I like how they assist me to daily recommit my aim to cling to Him and His
I simply need to be drawn back to the character and majesty of God.
Today I am in a coffee shop with Courtney.
People are working and chatting and making business calls.
Before I begin to write out any words that might be hiding within me,
I pull out a notebook and take up a neglected but familiar practice.
I fan the pages to find where I left off and I write out a psalm.
My body feels tension on the side where my longhand tumbles out ancient letters.
I am weakened by technology.
I believed years ago that I would never begin writing without first scratching out the contents
with pen and paper.
I didn’t feel the “writing process” could be reproduced upon a keyboard.
But gradually it has.
These days I scratch out fragments of thoughts in notebooks, napkins and on stray receipts
and later give permission for the keyboard to imprint them upon a screen.
I need familiar ways.
I need God’s ways.
I need the Psalms to keep me afloat in this turbulent world.
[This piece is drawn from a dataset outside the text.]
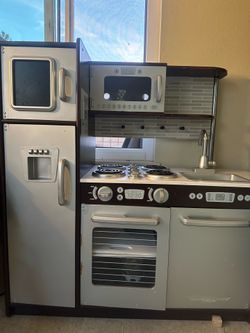 Play kitchen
I need the feel of hand against paper and ink spilling out to cover its nakedness.
I require the writing of the psalms with my hand as their familiarity can
cause me to hover over the tissue paper and not dwell within the bold print.
The practice of writing them out forces me to see them from an
angle which penetrates my soul.
It allows me to become a psalmist too.
Today I am thankful for paper, ink, keyboards and those mighty psalms.
What familiar ways have escaped your grasp and need to be recaptured?